The first two Christmases after they were married, we celebrated Christmas with Bart’s parents, his brother and sister, and their families. However, my sister LuRae and I were ignored. We were not Bart’s eternal children, and Bart’s parents and Bart’s brother and sister gave gifts to our step cousins, but no gifts to my sister and me. We had to watch our cousins open their gifts while we got nothing. Neither Bart nor my mother voiced objections. I think it is ironic, but not unusual, that such cruelty can be justified by a principle that is part of Christ’s gospel when Christ taught that love was the greatest commandment.
Bart continued to see view LuRae and me as inferior. My mother was raised in a male-dominant culture where wives followed their husbands, and she supported Bart. I took piano lessons, and although my mother was an accomplished pianist, she showed no interest in helping me learn the piano. I had to practice behind closed doors while she and Bart watched TV. My father, mother and Bart all sang in the Mormon Tabernacle Choir, but when I took private voice lessons from the director of the Tabernacle Choir, my mother and Bart did not help me learn to sing. Again, I had to practice singing behind closed doors.
They seldom offered assistance with my schoolwork, or discussed with me what subjects I found interesting. My parents fulfilled an obligation to support me until I became an adult, and that was it. Personal issues were never discussed or dealt with in my family. My having opinions that may conflict with theirs could jeopardize their total control.

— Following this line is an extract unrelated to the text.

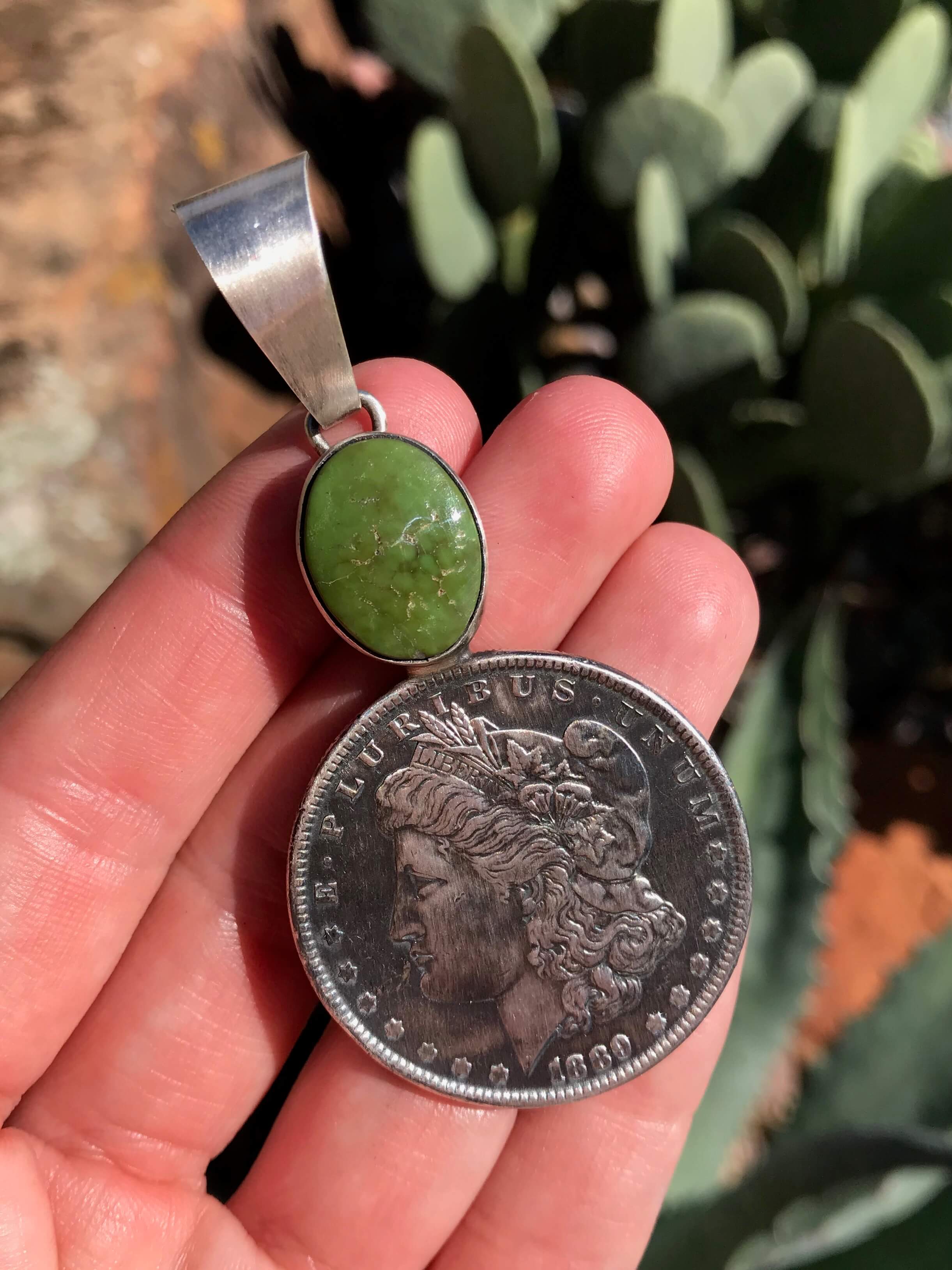 The Quezon Turquoise Morgan Dollar Pendant-Pendants-Calli Co., Turquoise and Silver Jewelry, Native American Handmade, Zuni Tribe, Navajo Tribe, Brock Texas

My mother and stepfather had a daughter—my half-sister Maureen. She was only eight years old when I left on my mission, but I remember her getting much more attention than LuRae and me. She became an accomplished vocalist and pianist, and I doubt she could achieve that while practicing behind closed doors. She was Bart’s child and I was not.
When I was five years old, my mother opened a bank account for me and told me I should save for my mission. There was no further discussion about my saving or paying for my mission. Most Mormon boys go on missions, but few, if any, save enough money to pay for their missions themselves.
I worked hard as a teenager and saved enough money, over $2,200, to buy a new car before I went on my mission. I decided to wait until after my mission to buy my car so it would not depreciate during those two years. As I was preparing to go on my mission, I assumed my parents would support me since they never asked me if I planned to support myself, and the $100/month they would send me was not much more that what it cost them to support me at home as a teenager. In the weekly letters I wrote to my parents the last few months of my mission, I expressed in detail what kind of car I wanted, the options, and I even asked them if I could borrow an additional few hundred dollars to get the car I wanted most, a 1967 GTO. They never mentioned the money in their weekly letters to me except to tell me I should wait until I was home to discuss money. When I got home, I discovered that I had only $400 in the bank and my parents had a new Pontiac. When I asked them what happened to my money, Bart merely reminded me (with his nose high in the air) that I had been saving for my mission since I was five years old. I assume that, when I was preparing for my mission, he could not discuss with me if I agreed to use my money for my mission for fear I may not agree to use my money. They could not take the risk of allowing me to make that decision. If I declined to use my money for my mission, then they would have to take responsibility for my not going on a mission or pay for it themselves. Either the money they sent me each month was my money, or they used my money to purchase their new car, it made no difference. They had taken my money without asking.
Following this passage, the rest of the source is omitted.